(Records excerpted from a collection)
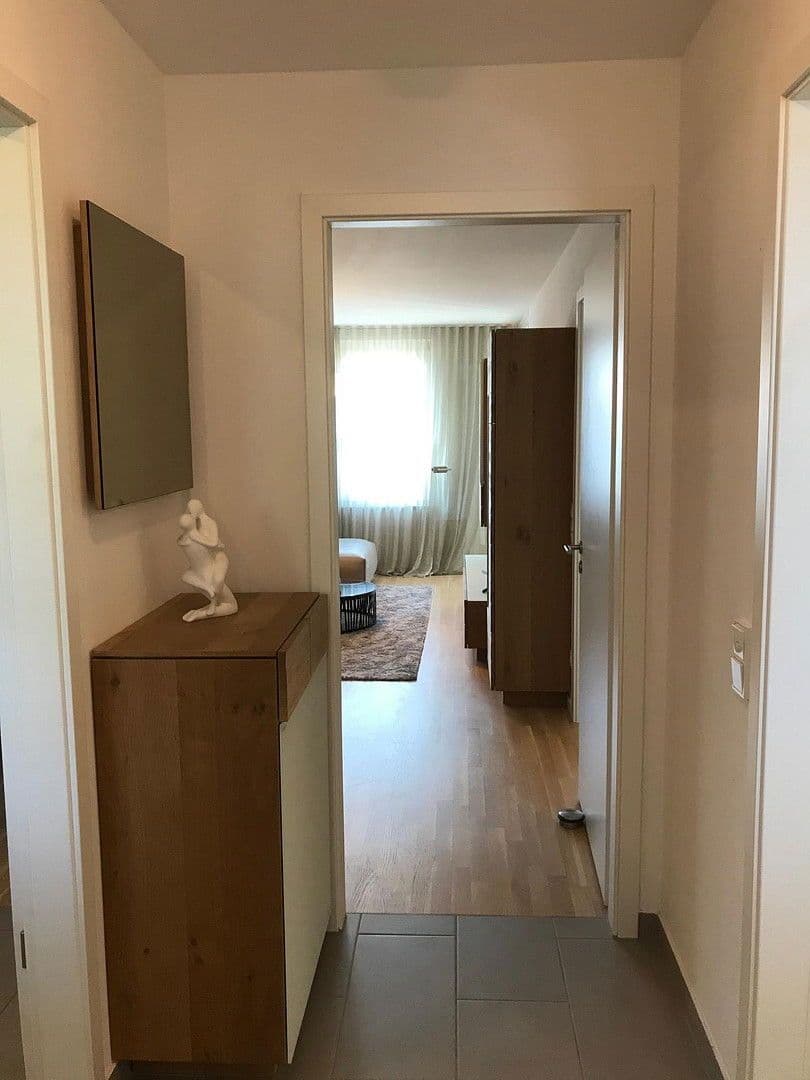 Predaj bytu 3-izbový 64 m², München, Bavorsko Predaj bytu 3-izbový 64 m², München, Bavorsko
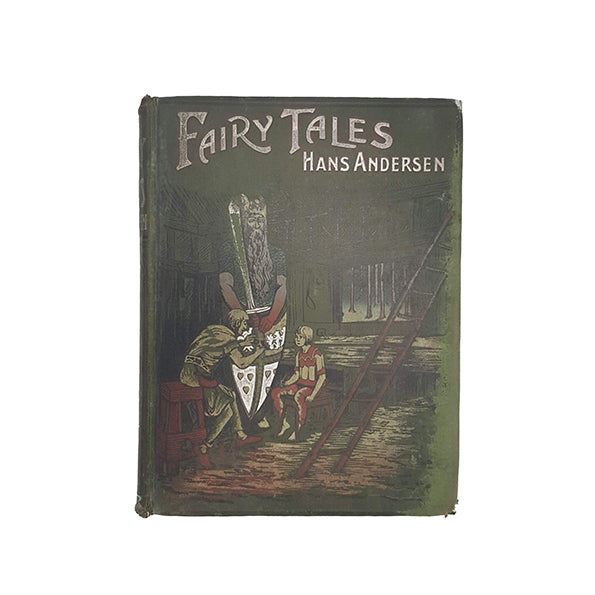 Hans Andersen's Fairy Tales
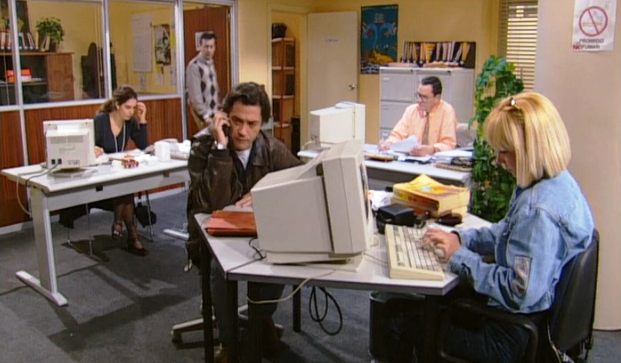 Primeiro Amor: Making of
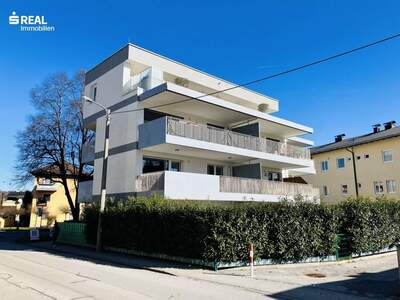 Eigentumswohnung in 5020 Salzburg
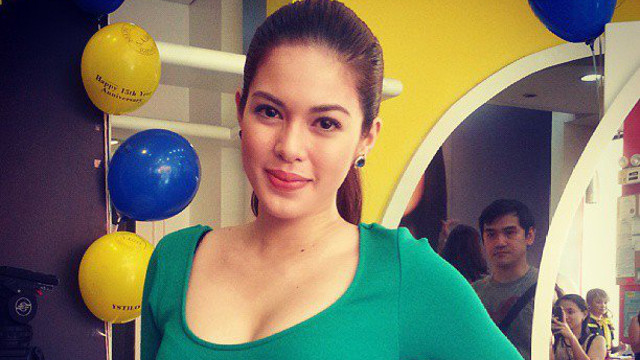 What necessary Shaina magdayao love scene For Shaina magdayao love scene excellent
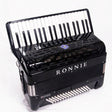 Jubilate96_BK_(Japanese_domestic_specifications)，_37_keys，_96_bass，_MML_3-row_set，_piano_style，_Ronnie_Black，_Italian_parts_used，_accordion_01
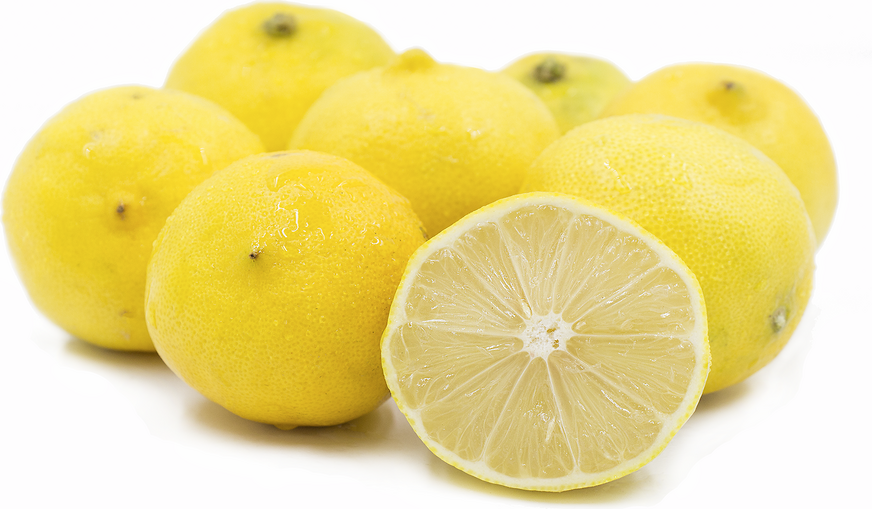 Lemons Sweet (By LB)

> TASK TO CARRY OUT:
Would you write out each entry word for word and omit the images?

> RESULT FOR THIS TASK:
 Predaj bytu 3-izbový 64 m², München, Bavorsko Predaj bytu 3-izbový 64 m², München, Bavorsko
 Hans Andersen's Fairy Tales
 Primeiro Amor: Making of
 Eigentumswohnung in 5020 Salzburg
 What necessary Shaina magdayao love scene For Shaina magdayao love scene excellent
 Jubilate96_BK_(Japanese_domestic_specifications)，_37_keys，_96_bass，_MML_3-row_set，_piano_style，_Ronnie_Black，_Italian_parts_used，_accordion_01
 Lemons Sweet (By LB)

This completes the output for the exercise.